Nottinghamshire Police is currently investigating whether the law was broken during a by-election campaign.
In March, a by-election in Wollaton West was fought after the former Conservative leader Georgina Culley passed away.
It was won by Labour’s Cate Woodward, who is now one of three councillors serving the ward.
Due to the ongoing investigation, police are unable to give details of exactly who is being investigated but a spokeswoman for the force confirmed it was ‘making enquiries into allegations made under the Representation of the People Act’.
No individuals have been accused of wrongdoing, and no arrests have been made.
Towards the end of the campaign, insults flew and several accusations were made.
One of the main issues during the campaign was Robin Hood Energy (RHE), the energy company owned by the Labour-run Nottingham City Council.
The chairman of Robin Hood Energy is Councillor Steve Battlemuch, who is also a Labour councillor for the ward.
One of the leaflets sent out by the Conservatives during the campaign accused RHE of being a ‘failing company’.
RHE then sent out a letter to every resident in the ward ‘defending itself’.
The Conservatives claim this was an attempt by RHE to ‘interfere’ in the election.
But Labour have said the firm was simply defending itself against a smear.
After the election, which was narrowly won by Labour, it emerged that RHE had failed to declare to Companies House a £7.5 million investment from the city council within the one-month period allowed.
The investment was made before the election, but was declared to Companies House six months later – five months after the legal deadline.
The company says this was a simple administrative error, but the Conservatives have said this was an attempt to conceal the information while the by-election was happening.
Companies House acknowledged that the rules had been broken, but said it will not be taking any further action.
Councillor Steve Battlemuch said: “I don’t know what the allegations are but I would be happy to cooperate with it (the investigation).
“As far as I’m concerned it was a free and fair election, and people are entitled to make their views on things known robustly.

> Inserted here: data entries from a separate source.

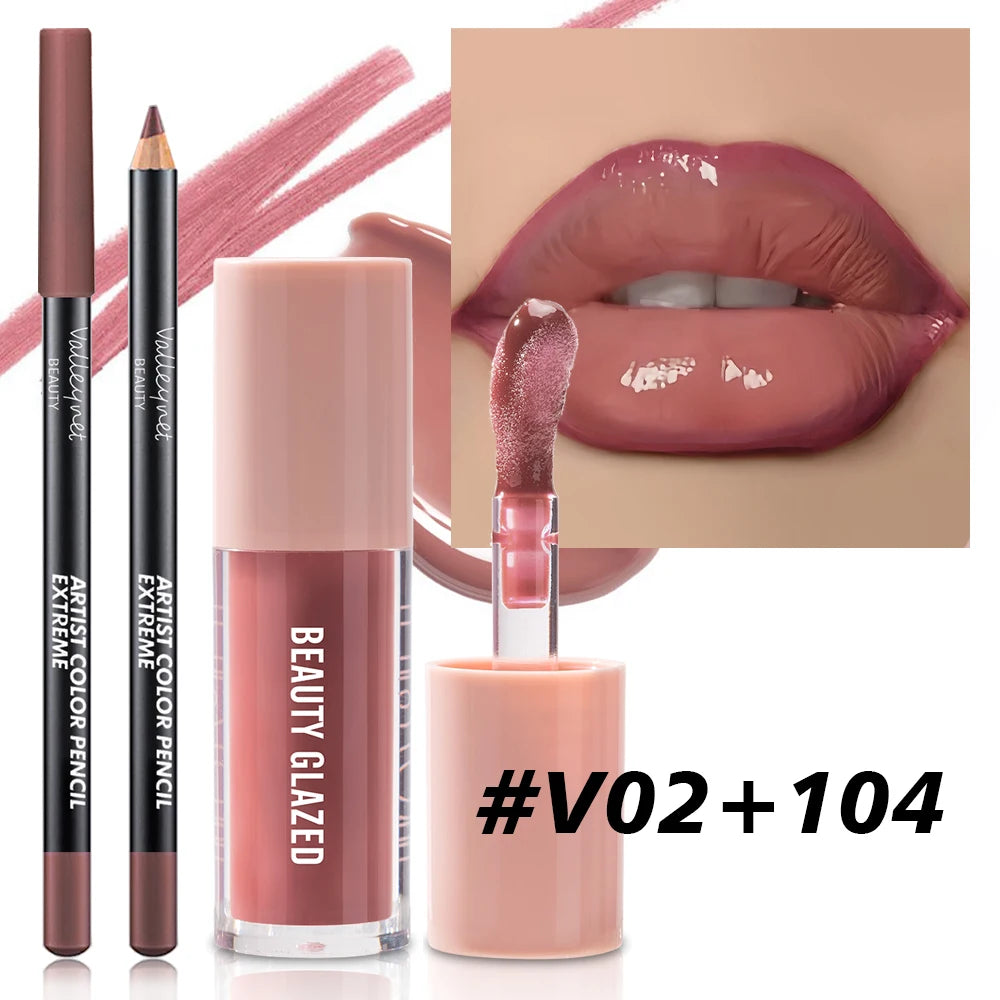 2pcs/Set Velvet Texture Lip Makeup - My Charm Corner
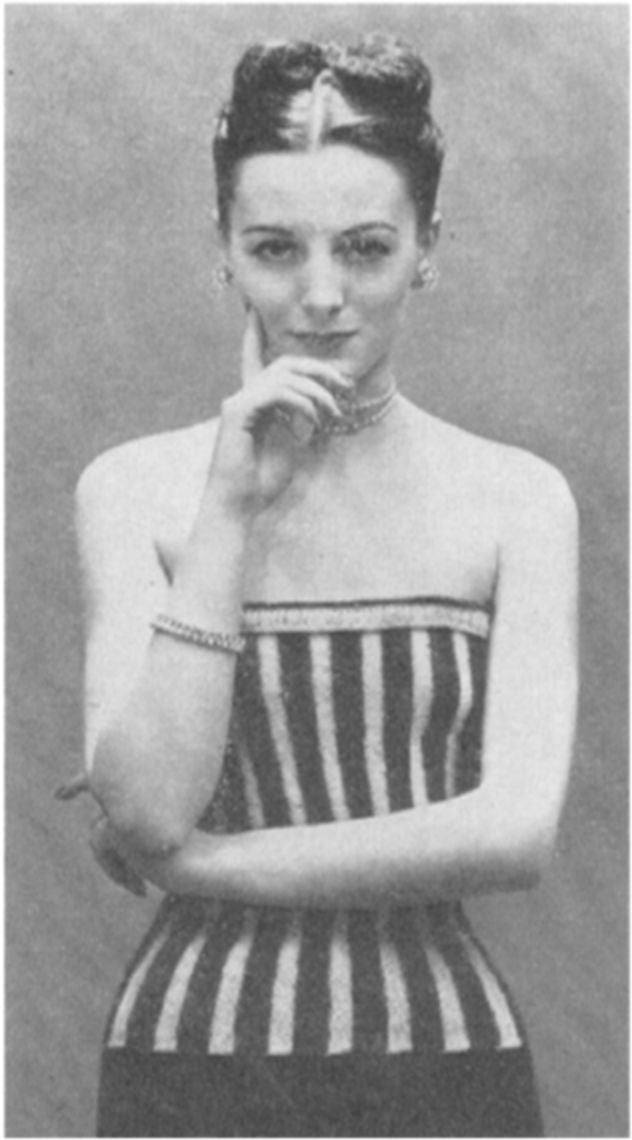 PATTERN #1943 STRAPLESS STRIPES VINTAGE KNITTING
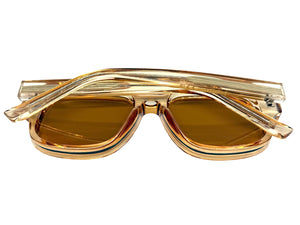 Classic Vintage Retro Style SUNGLASSES Large Thick Square Champagne Acetate Frame C004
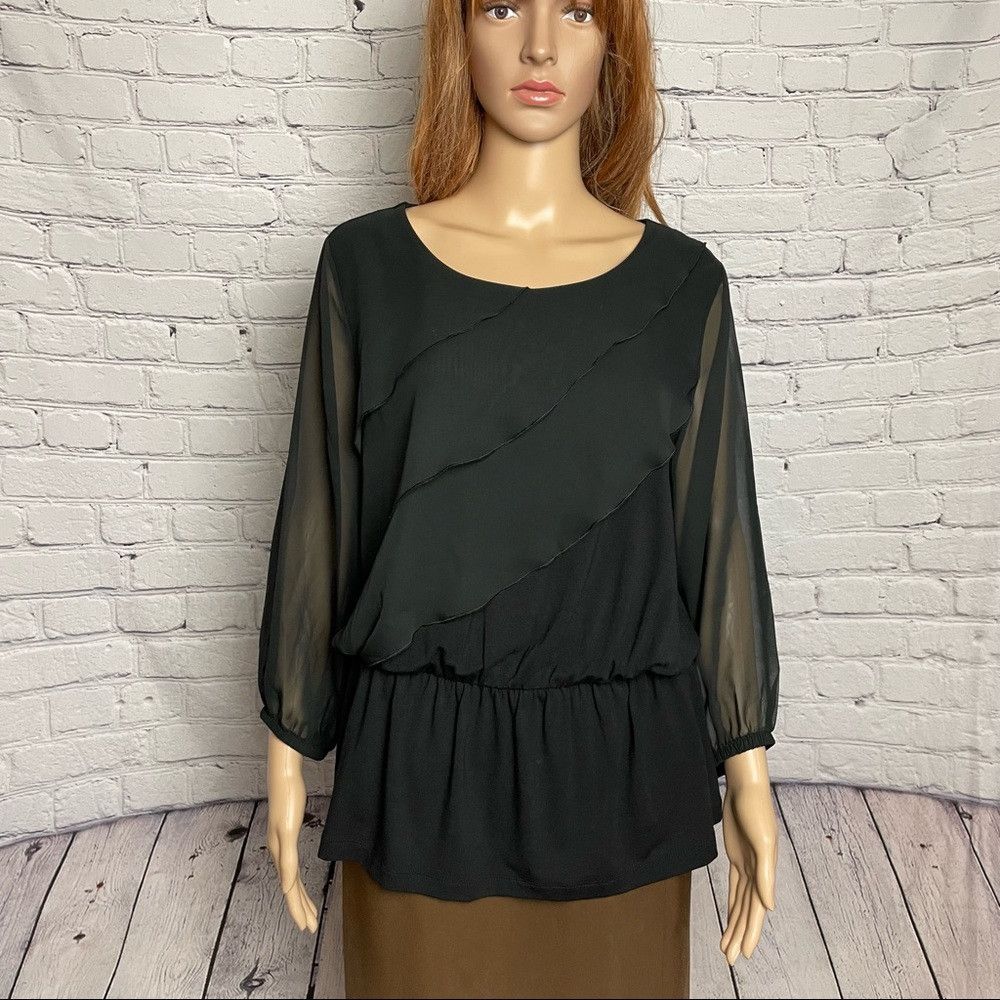Chicos Chico's Knit Ruffle-Front Black Top Size 1 US M Size M / US 6-8 / IT 42-44 - 3 Thumbnail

“They (The Conservatives) made a number of allegations that were unfounded.
“I think Robin Hood Energy was right to defend itself and its reputation. It’s a company with a lot of customers in Nottinghamshire and they (Conservatives) were saying a lot of things that were inaccurate.”
“They were being smeared, so I think they were right to defend themselves.
“I don’t think the £7.5 million is anything to do with the by-election at all, as far as I understand, someone forgot to send a form on a particular day, and it’s now been registered by Companies House who aren’t taking further action, so I don’t think that’s got anything to do with it.”
But councillor Jim Armstrong, who also represents Wollaton West said the late £7.5 million declaration was ‘definitely political.’
He said: “It was a very dirty campaign and the company supported the Labour group in the by-election.
“Steve (Battlemuch) was going round telling everyone that RHE was a profitable company and it was going to make a profit by the end of the month.
“Without that £7.5 million, they would have struggled to make a profit, but they couldn’t declare it during the by-election so they waited months to do it and hoped we wouldn’t notice.”
“The £7.5 million was definitely for political reasons.”
A spokesman for Robin Hood Energy said: “We do not have any comment to make at this stage, but will of course cooperate with any enquiry when and if it’s appropriate to do so”.
They have previously denied knowingly filing the document late, and said it was an ‘administrative oversight’.
William Scott is the deputy chairman of Nottingham Conservatives, and said that the council had a history of hiding facts they found uncomfortable.
He said: “The Labour-run council has been forced to publicly admit that Robin Hood Energy had broken the rules by not notifying Companies House, before the Wollaton by election, of the millions of pounds of council tax payers money given to it interest free to prop up Labour’s pet political project.”
“The council may have called it a “technical breach”, but it was at very least, a politically convenient offence as it enabled Labour’s by-election claim – that Robin Hood Energy was not failing – to go unchallenged.
“Labour waited until after the election before admitting that instead of paying back its loans as originally promised, Robin Hood Energy had been given another £9m to add to the £11m already sunk into it.”
A spokeswoman for Nottinghamshire Police said: “We’re making enquiries in to allegations made under the Representation of the People Act in relation to an election that took place this year.”
Labour’s Cate Woodward, who won the by-election, said: “Nobody has approached me about it, and I don’t really know what the investigation is about, so I can’t really comment on it.”
A spokesman for Companies House said they could not comment on individual cases.